Note: I've been using this recipe ever since I can remember.  It was handed down from my mother or grandmother, or both, judging from the use of matzo meal.  For a change of pace, put some sliced ham and grated mozzarella cheese in the center of   the loaf before you roll it up. Always make enough for leftovers! Martha Stewart uses ground pork too, includes grated carrots in the mixture, and tops the loaf with thick-sliced bacon. She bakes the meat loaf alongside potatoes and leeks.

2 lbs ground round
1/2 cp finely chopped green bell peppers
1/4 cp finely chopped onions
1 egg
1/4 cp bread crumbs or matzo meal

3-4 potatoes, skin on, slice into lengths 1/2" thick and 1/2" wide.
Leeks or onions

1. Put ground round in a large bowl.
2. Saute peppers and onions lightly and add to meat with eggs and bread crumbs.
3. Mix well, turn onto a broiler pan, and flatten.
4. If adding ham and cheese do it now.
5. Roll meat up with seam on the bottom.
6. Add onions and bake at 360 degrees about 1 hour.
7. Add potatoes and cook another 1/2 hour or till tender.

2.  Vegetarian Meatloaf

Note: One recipe in Vegetarian Times uses sweet potatoes, carrots, and lentil beans mashed together with some spices. Another vegetarian recipe processes garbanzo beans, brown rice, tofu, and almonds.

The recipe below is adapted from Vegetarian Homestyle Cooking; A Guide to Heart-Healthy Lowfat Eating, by Jeanne Tiberio, MS, RD,  a great source for vegetarian recipes. The price ($16) does not buy glossy pictures, but the recipes are comprehensive, simple, and come with a nutritional analysis.
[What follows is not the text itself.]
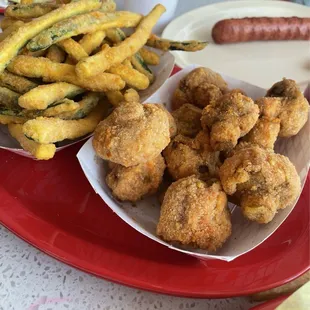 Fried Mushrooms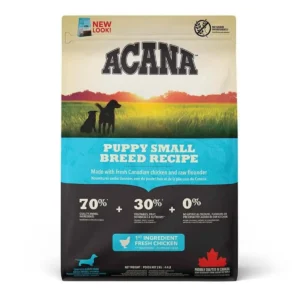 Acana Heritage Puppy Small Breed Küçük Irk Tahılsız Yavru Köpek Maması 2kg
I selected the recipe below for several reasons.  I am not fond of meat-substitutes, and this one comes closest to my own meatloaf and hamburger mixture: ketchup, egg whites, and bread crumbs, and chopped bell peppers.  It is the only source that offered a meatloaf recipe using Textured Vegetable Protein (TVP) granules, which are higher in soy protein content than the other forms of soy products, including tofu. I was impressed with the results, and it's easy to prepare.  It can be somewhat dry, so a Hunter's Sauce or any of the Meatball Sauces are recommended.  I haven't tried to make meatballs from the recipe; they might need a little more egg white to hold their form. 

Follow instructions for hydrating the TVP granules and use for making tacos or stuffing for vegetables.   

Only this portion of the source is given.